How important is power?
"It's something you want," Andrews said. "That's why you draft the best arms, first and foremost. You can't teach it. It's there, and it's there for as long as you need it."
The Pirates, at the major-league level, ranked 13th in recording 997 strikeouts last year, an average of 6.1 per game. This decade, they have ranked 13th or lower five times in eight years, never higher than sixth.
Weigh the intangibles, too, as laid out by Andrews:
• "The obvious one, of course, is that you can get away with more mistakes because the hitter can't control his swing as much."
• "Guys who have power arms have power breaking balls. There's a little more spin. The break is sharper. It's tighter. It's later."
• "There's a value in getting an out without putting the ball in play. You hate to put a luck or chance factor on a pitcher's success, but contact guys do go into hot and cold spells. Second and third with two outs, and that grounder goes through ... if that happens two times in a game, that's the difference between four runs or zero runs in six innings."
• "It makes the game easier all around, including how to manage.
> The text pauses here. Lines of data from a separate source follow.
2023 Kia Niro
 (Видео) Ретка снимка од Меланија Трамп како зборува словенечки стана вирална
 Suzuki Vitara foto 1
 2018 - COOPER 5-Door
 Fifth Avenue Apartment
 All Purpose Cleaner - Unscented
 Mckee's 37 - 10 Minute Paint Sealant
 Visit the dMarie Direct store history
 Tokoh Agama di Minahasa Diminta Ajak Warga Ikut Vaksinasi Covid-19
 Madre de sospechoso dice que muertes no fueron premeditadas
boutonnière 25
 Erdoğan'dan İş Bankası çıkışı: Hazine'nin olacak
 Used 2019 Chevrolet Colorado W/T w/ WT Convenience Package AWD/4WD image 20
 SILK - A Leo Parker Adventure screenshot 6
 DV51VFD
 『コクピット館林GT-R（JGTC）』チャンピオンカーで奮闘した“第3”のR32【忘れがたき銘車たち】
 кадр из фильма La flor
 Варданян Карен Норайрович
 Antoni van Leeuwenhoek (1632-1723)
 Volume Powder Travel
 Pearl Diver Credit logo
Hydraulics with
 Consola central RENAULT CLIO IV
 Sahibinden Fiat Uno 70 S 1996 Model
Power beats left and right. You don't have to worry about which soft tosser you'll have throwing from one side or the other."
• "You need them in the playoffs. I was a minor-league coach under Lou Piniella in Seattle, and he always searched for that because his feeling was that strikeouts are needed in the playoffs, that they make the difference. Look at Joba Chamberlain, Jonathan Papelbon, Joel Zumaya."
Yates can cite another benefit.
"You always want to be in control of your fastball, even if that means taking a little off it," he said. "But, when you get up, 0-2, sometimes it's not bad to let one run up by a hitter's face and show him you've got that power in your arm, even more than you've shown him. It puts a little intimidation in there, makes them speed up their bat. Now, you set up your offspeed pitches and get them to swing over it or swing early."
Not that he Yates expects the Braves' Jones to be intimidated the next time they meet.
"What's funny is that we talked about that at-bat after the game, laughed about it a little, and he said, 'Don't expect it to happen again,' " Yates said. "So I did it again two nights later. We'll see what happens when he comes to Pittsburgh."
That will be May 9-12. Keep one eye on PNC Park's pitch-speed tracker in right field.